Rental income is taxable, but you may be able to take a lot more deductions than you realize, which can save you big come tax day.
The deadline to file taxes for U.S. residents is less than two months away. If you own an investment or rental property or have clients who do, it can get a bit more complicated than just putting a W2 into an online tax prep software.
For many property investors, the big tax bill comes if you actually flip a property. If you hold onto an asset for more than a year, you have to pay capital gains taxes on that asset, that is generally, at most, 15 percent of the net profit you made from that asset. If you sell it in less than a year, you pay capital gains at whatever income tax rate under which you fall.

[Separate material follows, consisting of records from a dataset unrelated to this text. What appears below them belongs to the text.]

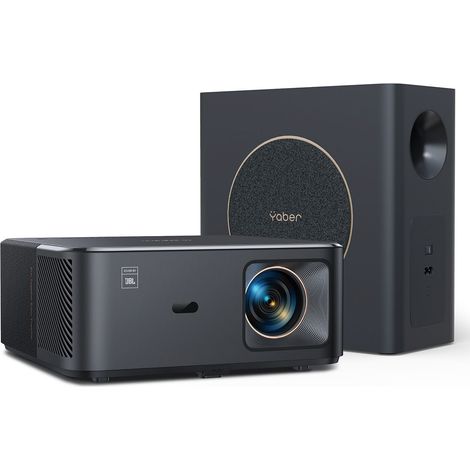 Proyector multimedia LCD FullHD 1080p con altavoces JBL y subwoofer WiFi BT K2s Pro - Negro (1/5)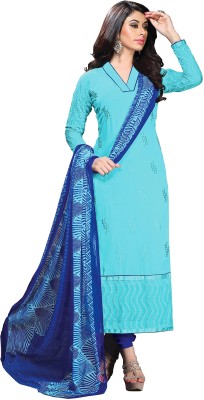 

Jiya Georgette Self Design, Embroidered Salwar Suit Dupatta Material(Un-stitched), Blue;light blue;multicolor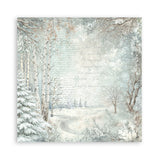 Stamperia White Christmas 8 x 8 Inch Single Face Paper Pack by Cristina Radovan - SBBSXB27
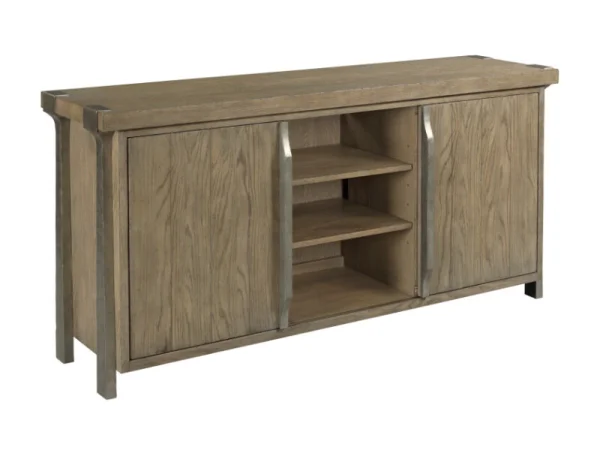 Timber Forge Entertainment Console Entertainment Stands black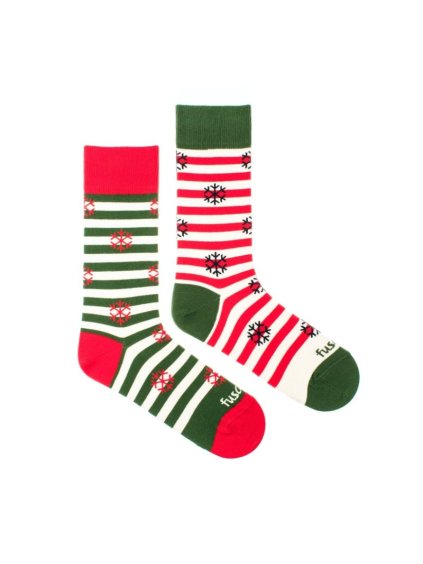 bavlnene ponozky fusakle vianoce na snehu 1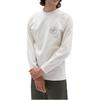 Vans Divine Energy Printed Crew Neck Long Sleeve T-Shirt Unisex Tops White VN0A7SN13KS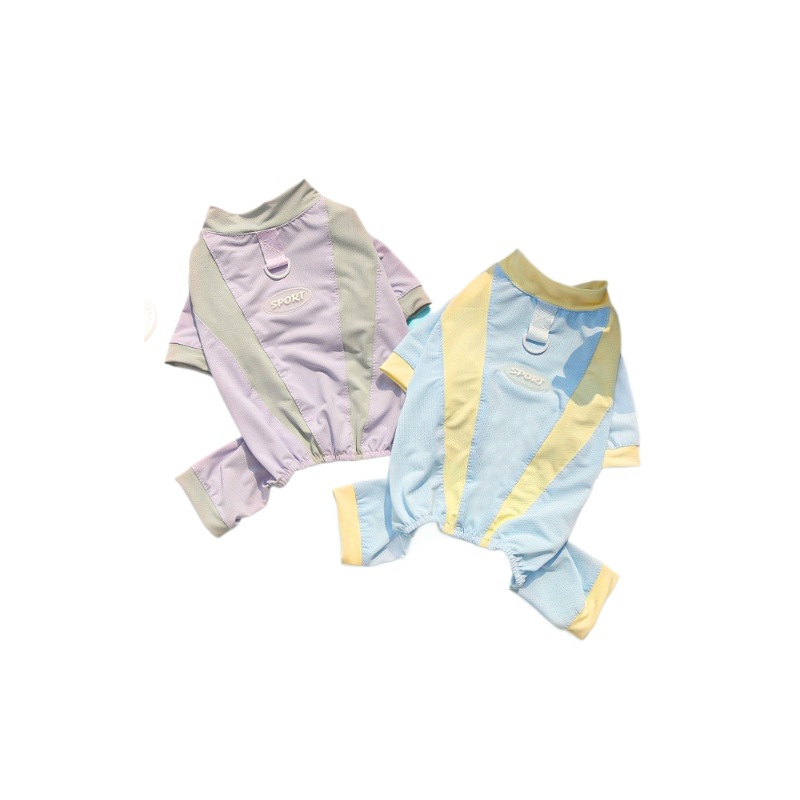 Ropa de protección solar para mascotas de primavera y verano, fina, de seda helada, transpirable, para perros pequeños y medianos y gatos de cuatro patas._voghion.com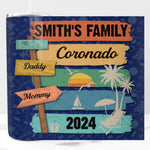 It's A Smile, It's A Kiss, It's A Sip Of Wine... It's Summertime! - Family Personalized Custom Skinny Tumbler - Summer Vacation Gift For Family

Do landlords have to pay taxes on rental income?
Rental income, including income from short-term rentals, must be reported on your annual tax return, but the general expenses associated with that property can be deducted from your rental income, according to the Internal Revenue Service (IRS).
“You generally must include in your gross income all amounts you receive as rent,” a fact sheet from the IRS reads. “Rental income is any payment you receive for the use or occupation of property. You must report rental income for all your properties.”
You’re also required to include any advanced rent payments — including a security deposit if it’s not returned to the tenant — you receive on your tax return. If a tenant, for example, signs a 10-year lease but gives the first and last month upfront, in the first year of that lease, the owner must pay taxes on both of those payments.
It doesn’t matter where the property is located if you are a U.S. citizen. It could be a rental property in the Caribbean, New York City, Aspen or Paris, but as long as it’s rental income, it needs to be filed.
Landlords report rental income and expenses on Form 1040, Schedule E, Part I, according to the IRS.
What can landlords deduct?
Landlords can deduct a number of expenses from their rental property income filing, which include mortgage interest, property tax, various operating expenses and any depreciation or repairs.
“You can deduct the ordinary and necessary expenses for managing, conserving and maintaining your rental property,” the IRS fact sheet reads. “Ordinary expenses are those that are common and generally accepted in the business. Necessary expenses are those that are deemed appropriate, such as interest, taxes, advertising, maintenance, utilities and insurance.”
You cannot, however, deduct all repairs made in the interest of upgrading the property, unless they are deemed necessary work.
Rental properties, according to Intuit, the financial services firm that owns the popular TurboTax filing service, often offer much larger deductions and tax benefits than most investments.
“Many of these are overlooked by landlords at tax time,” a tax deduction guide from Intuit reads. “This can make a difference in making a profit or losing money on your real estate venture.”
Commonly Overlooked Deduction
One commonly overlooked deduction is the wages and salaries for employees like residential managers and staff grounds and maintenance workers. The services of independent contractors — again, in the necessary upkeep of a domicile — like carpenters, roofers, electricians, plumbers, landscapers and gardeners, can also be deducted.
Meal expenses for those employees, too, are a commonly overlooked deduction, David Ayoub, a CPA based in Syracuse, New York, said, according to Intuit.
“You can only deduct 50 percent of meal expenses incurred while doing business with potential clients or business associates,” Ayoub said. “However, if you throw a Christmas party or a summer picnic for your staff, it’s generally 100 percent deductible.”
Ayoub also brought up the semi-uncommon landlord: One that is renting their property out not by choice, but a necessity.
“You see people moving out of town or state to go to a better job. If they can’t sell their house, they rent it,” Ayoub said. “If you rent your home for three years out of five, and then sell it, the capital gain is taxable.
“However, if you sell it within two years, you don’t have to claim capital gain,” Ayoub added. “You’re also entitled to the same deductions as any other landlords. As with any rental property, make sure you have landlord insurance on your home. It’s deductible as an expense, too.”